>>>

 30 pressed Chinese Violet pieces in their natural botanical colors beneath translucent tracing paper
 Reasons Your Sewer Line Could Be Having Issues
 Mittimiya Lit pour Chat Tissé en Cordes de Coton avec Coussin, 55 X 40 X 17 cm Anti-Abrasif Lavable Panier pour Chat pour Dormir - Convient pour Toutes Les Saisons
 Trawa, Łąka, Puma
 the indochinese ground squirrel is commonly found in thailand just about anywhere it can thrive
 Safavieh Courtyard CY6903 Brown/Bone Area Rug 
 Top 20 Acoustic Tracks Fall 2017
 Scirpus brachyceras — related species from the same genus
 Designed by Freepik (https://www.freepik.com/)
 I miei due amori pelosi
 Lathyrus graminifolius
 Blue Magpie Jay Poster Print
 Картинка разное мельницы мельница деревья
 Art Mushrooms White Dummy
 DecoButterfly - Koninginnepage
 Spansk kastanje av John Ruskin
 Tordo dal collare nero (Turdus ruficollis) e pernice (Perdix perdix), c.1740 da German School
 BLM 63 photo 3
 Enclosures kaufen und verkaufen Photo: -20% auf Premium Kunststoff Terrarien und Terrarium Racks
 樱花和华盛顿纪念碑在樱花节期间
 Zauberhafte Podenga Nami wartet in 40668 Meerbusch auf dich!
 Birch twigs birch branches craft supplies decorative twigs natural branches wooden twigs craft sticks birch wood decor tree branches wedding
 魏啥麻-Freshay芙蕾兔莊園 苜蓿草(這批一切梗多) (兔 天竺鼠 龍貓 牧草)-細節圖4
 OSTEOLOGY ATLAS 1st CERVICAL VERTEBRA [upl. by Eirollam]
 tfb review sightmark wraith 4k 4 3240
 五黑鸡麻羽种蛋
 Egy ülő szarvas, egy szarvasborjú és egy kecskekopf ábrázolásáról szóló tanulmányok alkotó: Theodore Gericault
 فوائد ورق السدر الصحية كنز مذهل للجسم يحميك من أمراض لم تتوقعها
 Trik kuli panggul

<<<

Assigned task ▸ The answer should be the full set of records, reproduced exactly.

Written reply ▸
 30 pressed Chinese Violet pieces in their natural botanical colors beneath translucent tracing paper
 Reasons Your Sewer Line Could Be Having Issues
 Mittimiya Lit pour Chat Tissé en Cordes de Coton avec Coussin, 55 X 40 X 17 cm Anti-Abrasif Lavable Panier pour Chat pour Dormir - Convient pour Toutes Les Saisons
 Trawa, Łąka, Puma
 the indochinese ground squirrel is commonly found in thailand just about anywhere it can thrive
 Safavieh Courtyard CY6903 Brown/Bone Area Rug 
 Top 20 Acoustic Tracks Fall 2017
 Scirpus brachyceras — related species from the same genus
 Designed by Freepik (https://www.freepik.com/)
 I miei due amori pelosi
 Lathyrus graminifolius
 Blue Magpie Jay Poster Print
 Картинка разное мельницы мельница деревья
 Art Mushrooms White Dummy
 DecoButterfly - Koninginnepage
 Spansk kastanje av John Ruskin
 Tordo dal collare nero (Turdus ruficollis) e pernice (Perdix perdix), c.1740 da German School
 BLM 63 photo 3
 Enclosures kaufen und verkaufen Photo: -20% auf Premium Kunststoff Terrarien und Terrarium Racks
 樱花和华盛顿纪念碑在樱花节期间
 Zauberhafte Podenga Nami wartet in 40668 Meerbusch auf dich!
 Birch twigs birch branches craft supplies decorative twigs natural branches wooden twigs craft sticks birch wood decor tree branches wedding
 魏啥麻-Freshay芙蕾兔莊園 苜蓿草(這批一切梗多) (兔 天竺鼠 龍貓 牧草)-細節圖4
 OSTEOLOGY ATLAS 1st CERVICAL VERTEBRA [upl. by Eirollam]
 tfb review sightmark wraith 4k 4 3240
 五黑鸡麻羽种蛋
 Egy ülő szarvas, egy szarvasborjú és egy kecskekopf ábrázolásáról szóló tanulmányok alkotó: Theodore Gericault
 فوائد ورق السدر الصحية كنز مذهل للجسم يحميك من أمراض لم تتوقعها
 Trik kuli panggul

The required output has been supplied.